## [Listed entries]
>>>
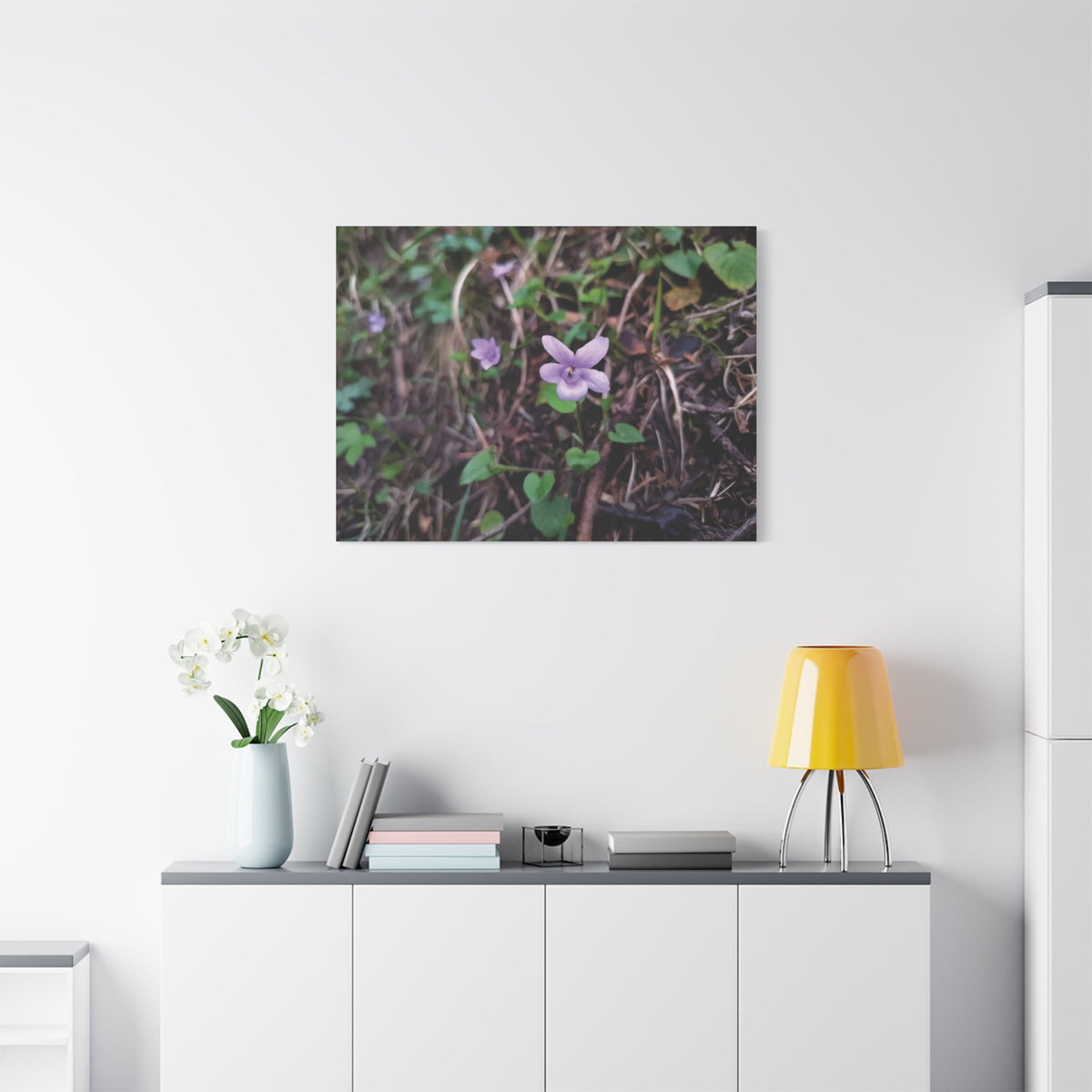Stretched Matte Canvas - Flower of Viola Silvestre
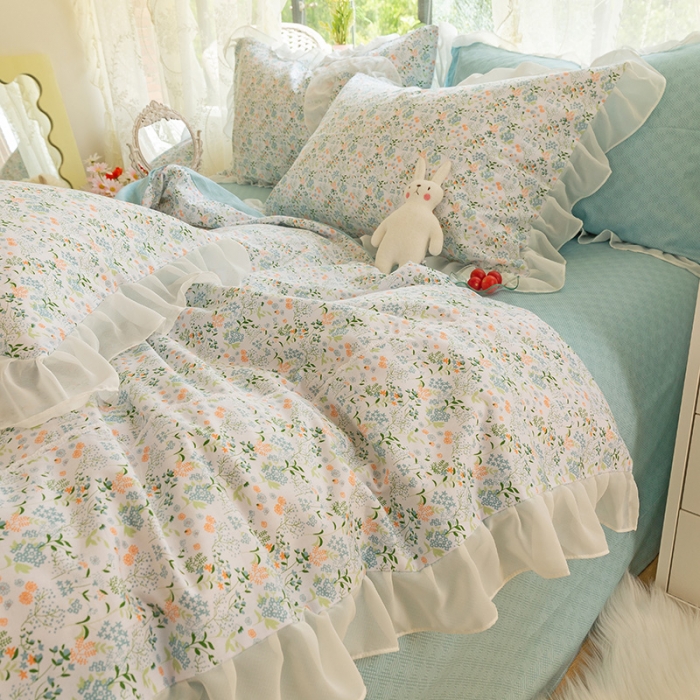 91家纺网 家纺一手货源 找家纺 千朵 2021新款全棉四件套 时光拼接款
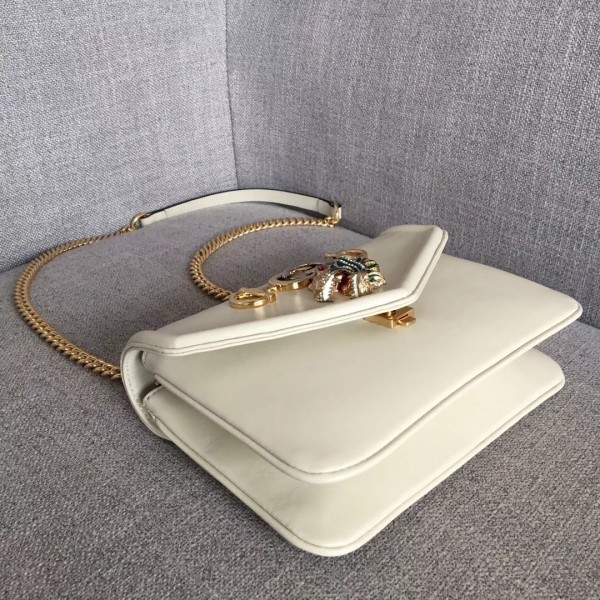 Gucci Interlocking G Horsebit Rajah Small Shoulder Bag 537243 White 2019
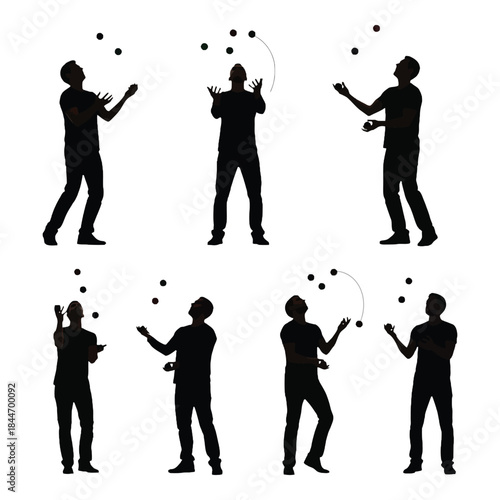 Silhouette of a juggler performing a sequence of ball tossing motions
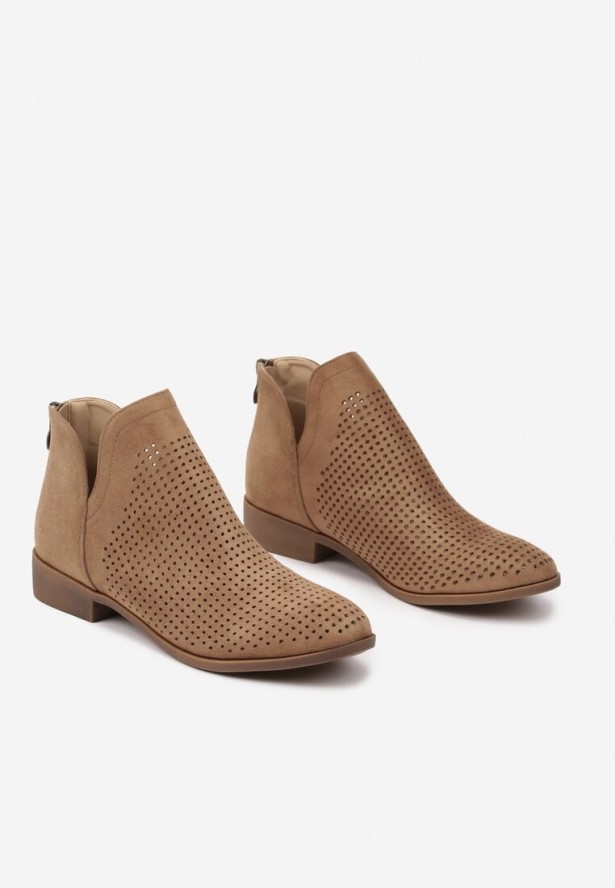 Ciemnobeżowe Płaskie Botki Vices z Wycięciem Felilia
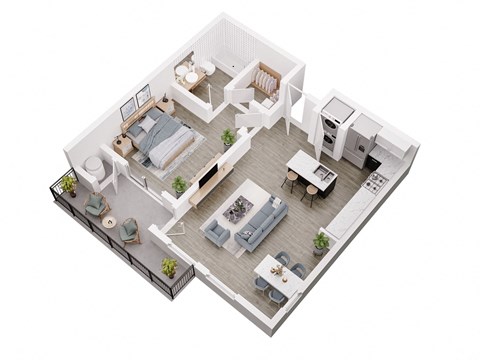 Floor plan for 1 bed, 1 bath, 738 sqft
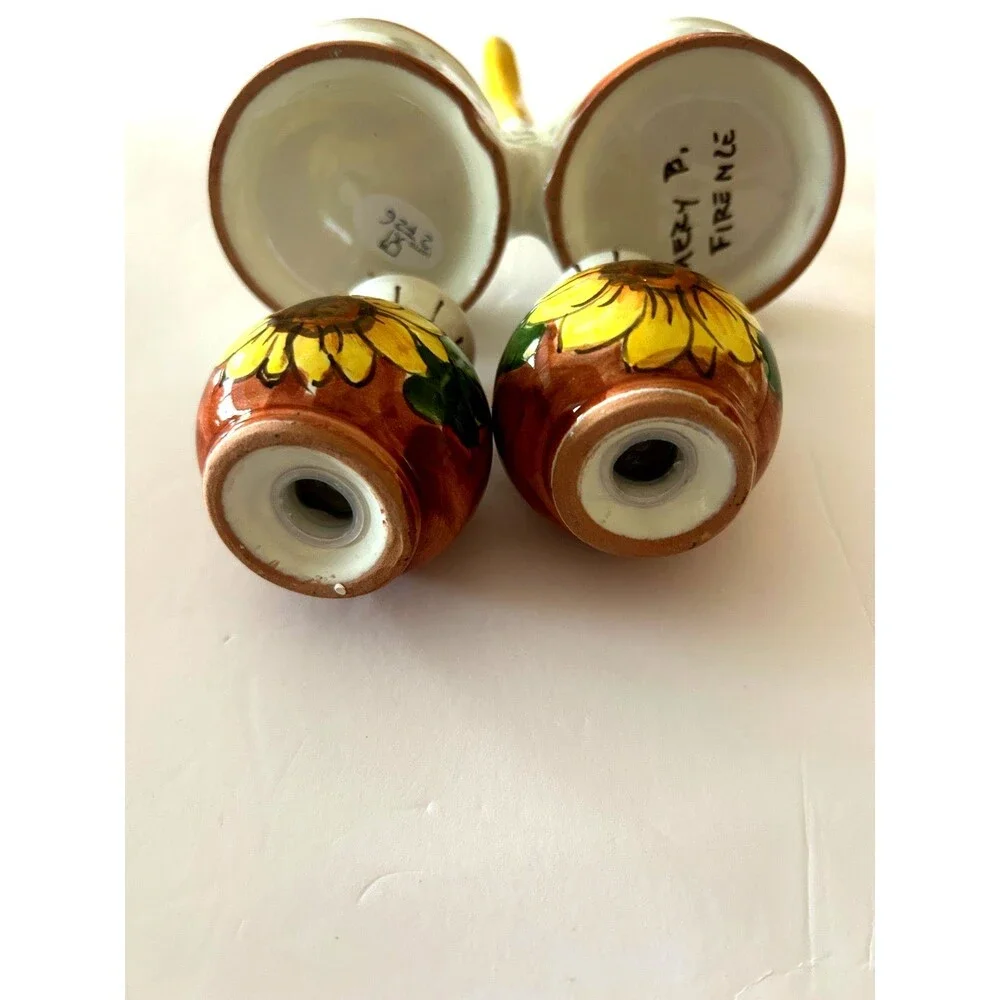 Sunflower Salt and Pepper Shakers with Caddy Signed Italian Pottery Stoppers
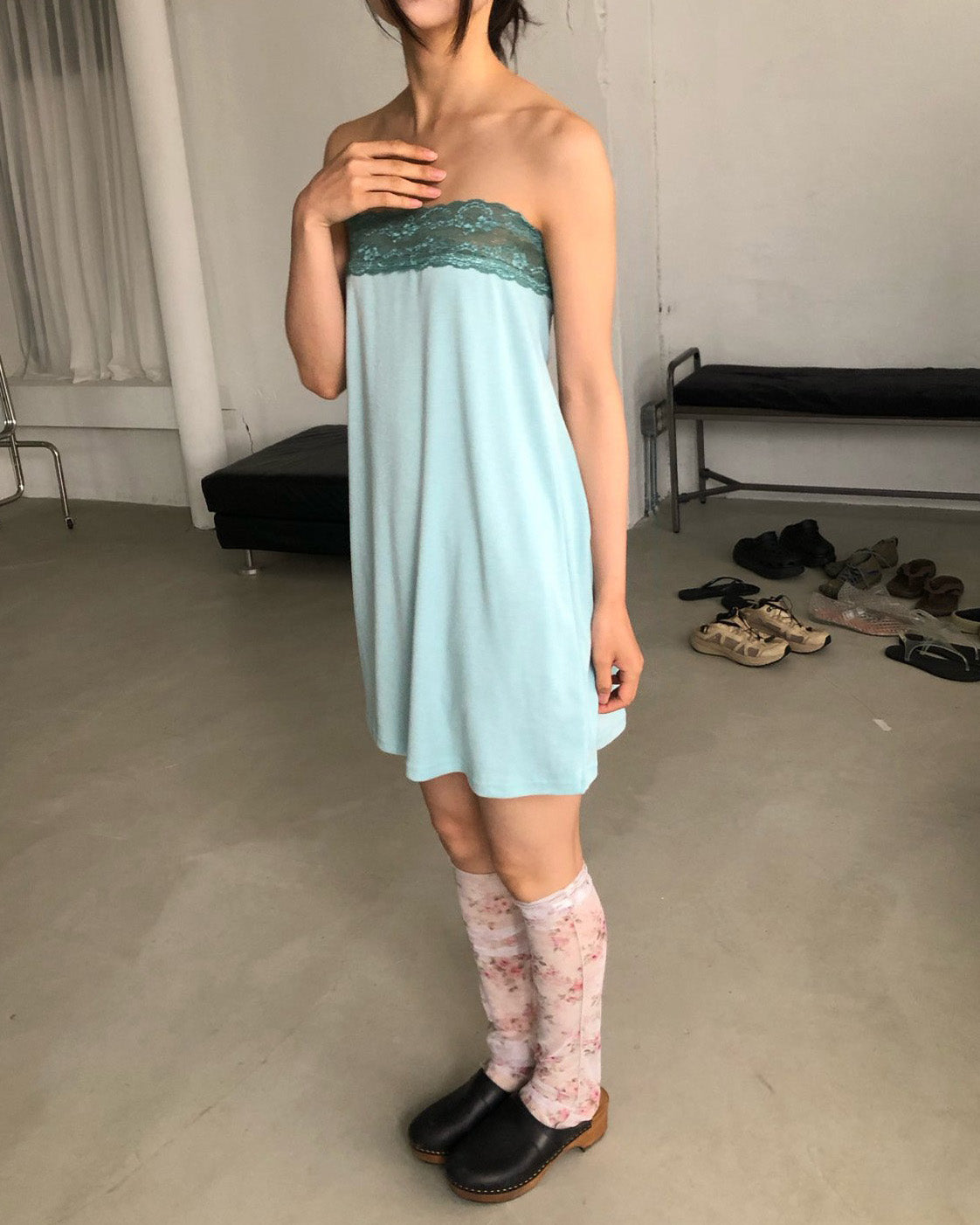 flower sheer leg warmers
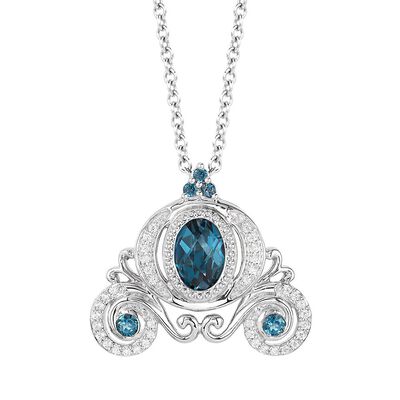 Cinderella Blue Topaz Carriage Pendant with Diamonds in Sterling Silver (1/10 ct. tw.)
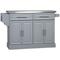 Rolling Kitchen Island with Storage,Portable Kitchen Cart with Stainless Steel Top,2 Drawers,Spice,Towel Rack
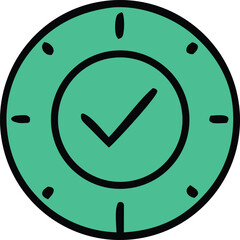 Poster - Simple hand drawn teal clock face with a black checkmark indicating completion or success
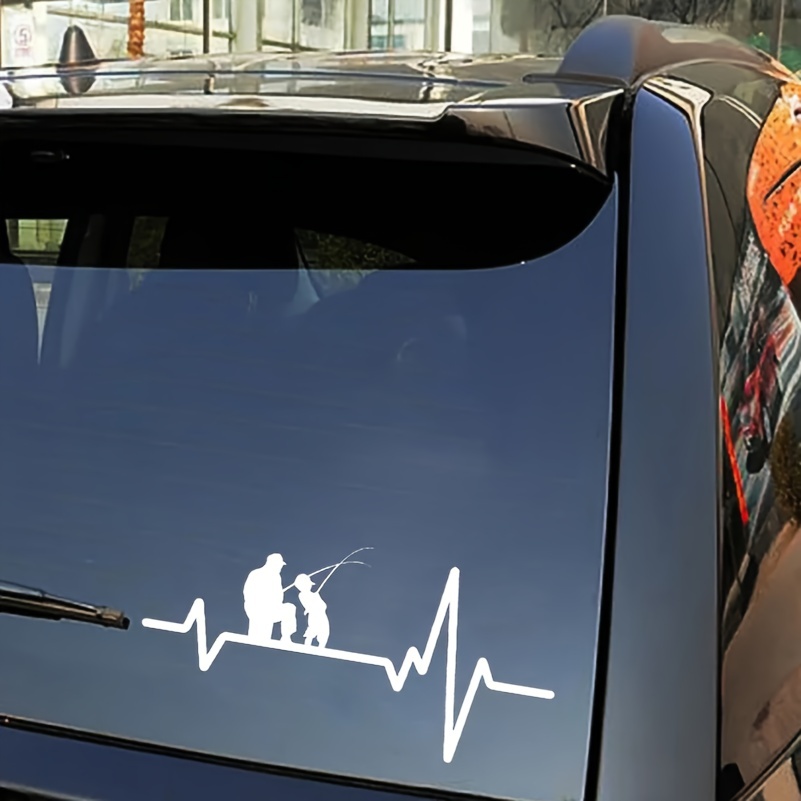 Car Sticker Heartbeat Fishing Father Dad Son Funny Car - Temu Canada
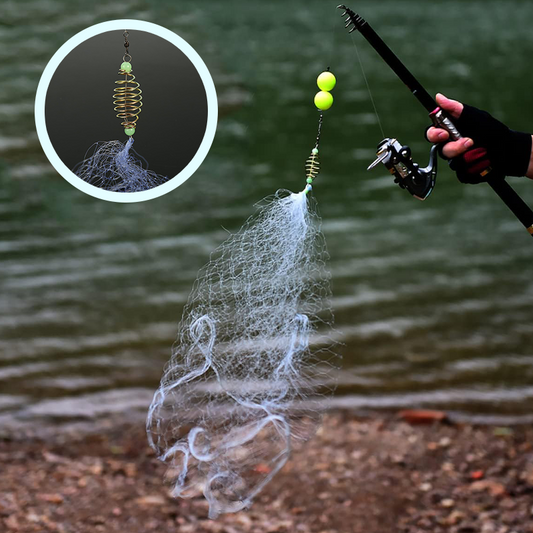 Fishing Gill Net with Spring Bait Trap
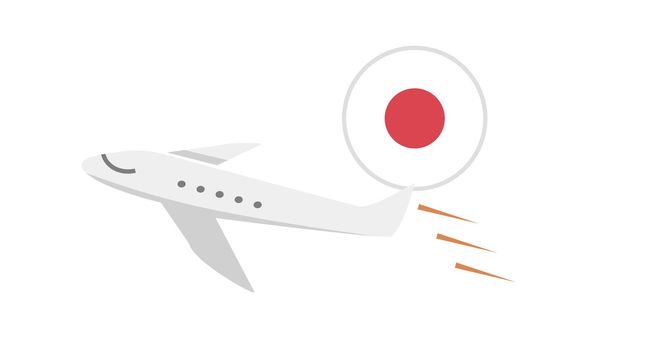 Japanese flag and airplane icon. Travel to Japan. Vector.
<<<
## [Problem requirements]
Output all the material above exactly once more, leaving every picture out.

## [Written response]
Stretched Matte Canvas - Flower of Viola Silvestre
 91家纺网 家纺一手货源 找家纺 千朵 2021新款全棉四件套 时光拼接款
 Gucci Interlocking G Horsebit Rajah Small Shoulder Bag 537243 White 2019
 Silhouette of a juggler performing a sequence of ball tossing motions
 Ciemnobeżowe Płaskie Botki Vices z Wycięciem Felilia
 Floor plan for 1 bed, 1 bath, 738 sqft
 Sunflower Salt and Pepper Shakers with Caddy Signed Italian Pottery Stoppers
 flower sheer leg warmers
 Cinderella Blue Topaz Carriage Pendant with Diamonds in Sterling Silver (1/10 ct. tw.)
 Rolling Kitchen Island with Storage,Portable Kitchen Cart with Stainless Steel Top,2 Drawers,Spice,Towel Rack
 Poster - Simple hand drawn teal clock face with a black checkmark indicating completion or success
 Car Sticker Heartbeat Fishing Father Dad Son Funny Car - Temu Canada
 Fishing Gill Net with Spring Bait Trap
 Japanese flag and airplane icon. Travel to Japan. Vector.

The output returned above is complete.